Ciononostante, Chicago è una città più grande, più viva e più pulsante del previsto. Oltre ai già citati eventi random che rendono la città imprevedibile, alcune zone della città pullulano di passanti ed è possibile scorgere numerose persone intente a svolgere le più banali attività. In alcuni momenti si ha la sensazione di essere davvero “uno dei tanti”, uno degli aspetti per cui Ubisoft merita certamente un plauso. Per contro, abbiamo notato che la stragrande maggioranza degli edifici non è accessibile: un aspetto trascurabile nel caso degli anonimi palazzi di Chicago, ma certamente incomprensibile in alcuni edifici-chiave come la Willis Tower. Apprezzabile, infine, la possibilità di spostarsi con la metropolitana sopraelevata, il tutto con la possibilità di effettuare ulteriori hacking dei pendolari mentre attendiamo la nostra fermata.

Dobbiamo confessare che anche noi ci facemmo prendere dal panico quando vedemmo le nuove immagini di Watch Dogs. Anche noi, come milioni di altri esseri umani, ci ritrovammo a sotterrare il nostro hype di fronte a un progetto che sembrava avere perso la dimensione magica emersa al momento del suo annuncio.
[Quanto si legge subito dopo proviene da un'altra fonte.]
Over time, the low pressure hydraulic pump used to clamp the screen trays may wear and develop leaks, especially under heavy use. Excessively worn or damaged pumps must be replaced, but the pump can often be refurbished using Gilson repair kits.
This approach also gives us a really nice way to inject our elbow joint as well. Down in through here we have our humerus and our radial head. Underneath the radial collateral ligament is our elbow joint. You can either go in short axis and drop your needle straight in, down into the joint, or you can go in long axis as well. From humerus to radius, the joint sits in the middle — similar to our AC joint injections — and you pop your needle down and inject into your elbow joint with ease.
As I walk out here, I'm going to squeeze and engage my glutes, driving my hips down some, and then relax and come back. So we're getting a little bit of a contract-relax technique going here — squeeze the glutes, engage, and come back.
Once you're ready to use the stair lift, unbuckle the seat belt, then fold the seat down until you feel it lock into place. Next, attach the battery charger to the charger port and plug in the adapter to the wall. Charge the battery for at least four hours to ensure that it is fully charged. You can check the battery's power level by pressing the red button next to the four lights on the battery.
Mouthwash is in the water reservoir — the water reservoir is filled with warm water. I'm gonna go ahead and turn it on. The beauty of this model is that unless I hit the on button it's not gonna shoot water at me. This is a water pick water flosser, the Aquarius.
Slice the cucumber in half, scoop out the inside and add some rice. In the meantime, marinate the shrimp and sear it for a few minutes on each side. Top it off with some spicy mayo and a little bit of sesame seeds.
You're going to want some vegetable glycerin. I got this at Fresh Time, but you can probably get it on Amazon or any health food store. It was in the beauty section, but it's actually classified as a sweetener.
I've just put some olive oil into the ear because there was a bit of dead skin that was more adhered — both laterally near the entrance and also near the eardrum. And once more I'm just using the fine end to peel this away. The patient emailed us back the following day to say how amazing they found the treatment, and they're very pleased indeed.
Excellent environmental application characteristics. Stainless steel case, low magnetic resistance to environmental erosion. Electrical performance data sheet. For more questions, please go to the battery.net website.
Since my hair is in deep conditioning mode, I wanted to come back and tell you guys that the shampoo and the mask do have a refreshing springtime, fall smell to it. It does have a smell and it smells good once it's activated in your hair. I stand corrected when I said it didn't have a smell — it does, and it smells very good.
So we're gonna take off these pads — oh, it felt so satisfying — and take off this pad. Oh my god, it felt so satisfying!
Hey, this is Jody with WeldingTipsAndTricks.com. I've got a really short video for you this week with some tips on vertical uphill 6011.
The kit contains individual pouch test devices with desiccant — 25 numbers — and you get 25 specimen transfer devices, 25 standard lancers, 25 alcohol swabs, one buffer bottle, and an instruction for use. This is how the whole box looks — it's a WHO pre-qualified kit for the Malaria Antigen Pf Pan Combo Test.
Sono bastate tre ore a Ubisoft per farci cambiare idea: Watch Dogs ci ha sorpresi in molti aspetti, divertendoci e ricavandosi nuovamente un posto nella lista dei most wanted di quest’anno. Crediamo che Watch Dogs abbia sufficienti assi nella manica per divertire a lungo, e abbiamo la netta sensazione che il titolo verrà ben accolto al suo lancio. Di certo, questa esperienza ci ha insegnato ad andare al di là delle apparenze. E, al contempo, che l’hype è davvero una brutta bestia.